If you look at the many, many photos of the haram mosque, which accommodates almost two million people, then you will see that such instructions are of limited value; because if for whatever reason you do not find that door, then you might be left to circle around the entire structure just to find your hotel, for which they suggest you take one of the hotel business cards, as if they don’t have that information. If you think I could just go online with the name of the hotel—well, I tried that. Instead I get directed to this tour company and a few others, because clearly this is part of their package.

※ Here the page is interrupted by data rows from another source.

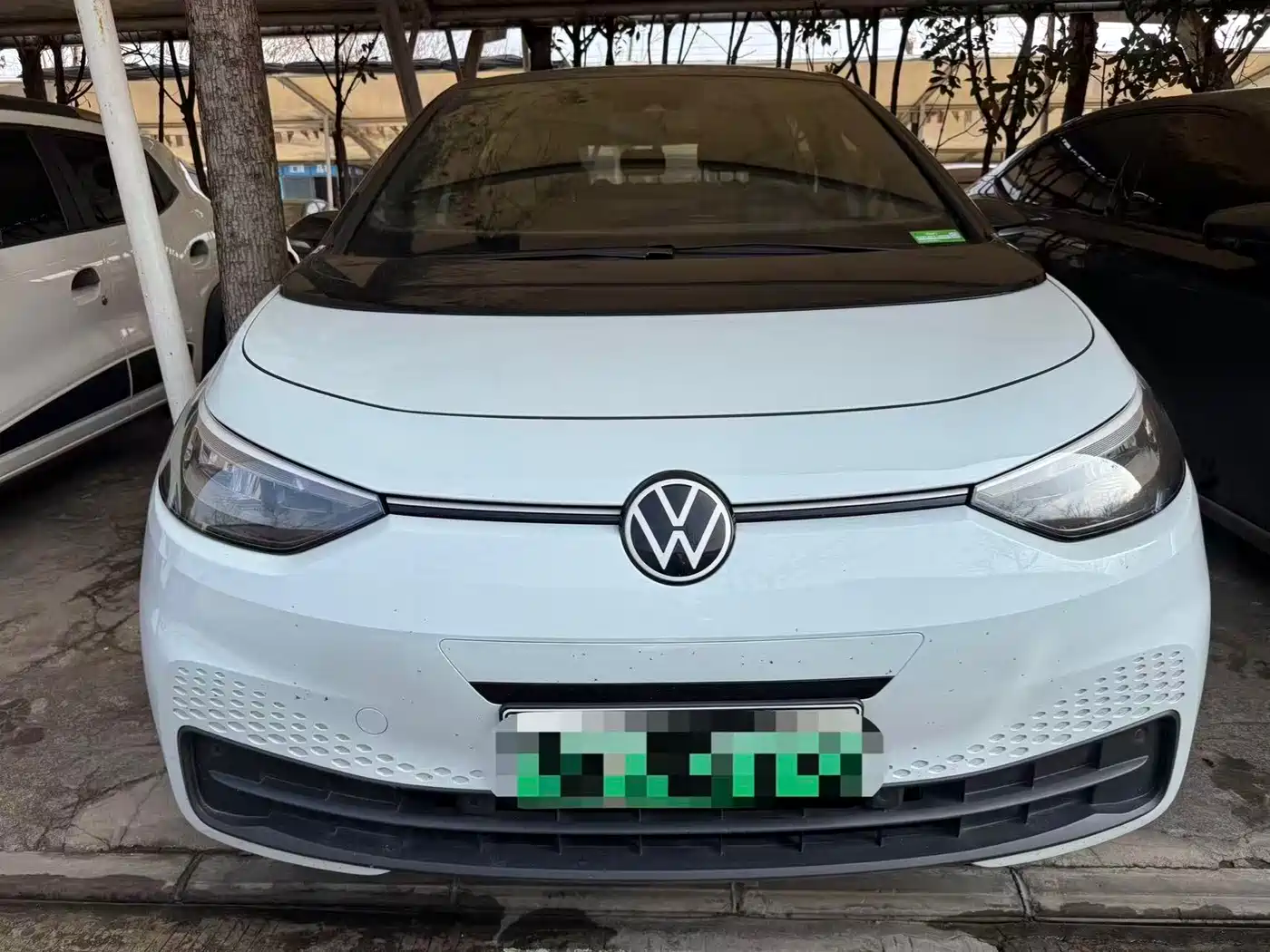 Volkswagen ID.3 2023 Upgraded Pure Intelligence Edition фото 2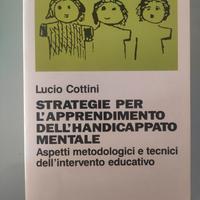 Strategie per l'apprendimento dell'handicappato...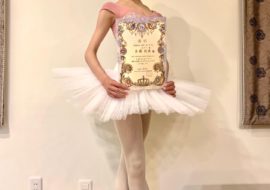 Jewels Ballet Competition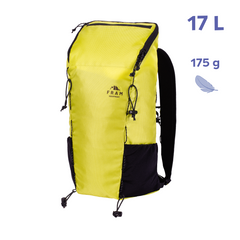 Compact Backpack Ararat 17L Lime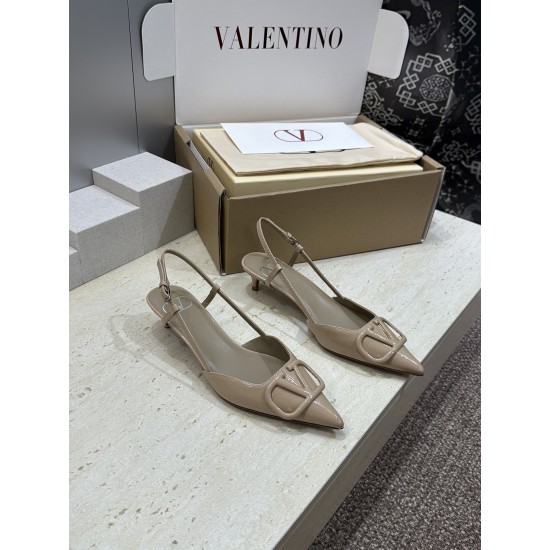 Valentino Slippers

I mean, I could be staying at the Makkah Hilton, you know. Fortunately, I am not, because the online search shows hotels that are so large, I think I would just go out of my mind for some peace. This hotel is only about 15 floors high and pretty narrow, relative to what I’ve seen. That means, I would expect, a modicum of calm in the lobby, at breakfast and dinner (which are part of the tour package). I will have to make my own arrangements for lunch. I hope my room is on one of the higher floors, less traffic, and the elevators are the same from the 4th and the 14th floors. My room is shared with two other women. I hope for camaraderie and reprieve after the arduous task of jostling with millions of enthusiastic pilgrims at the Haram.

Still, that is what this trip is for, right? That sense of awe brought about with millions of people adjusting themselves towards the same purpose, worshiping the same God in the same way and doing it altogether, at the same time. I can’t wait.

Meanwhile still a few last-minute details and mock packing before I go. Even as I plan and plan, I remember the line from the Qur’an: (hu)man plans and Allah plans; and Allah is the Best of Planners. Labayk, here I am oh Lord.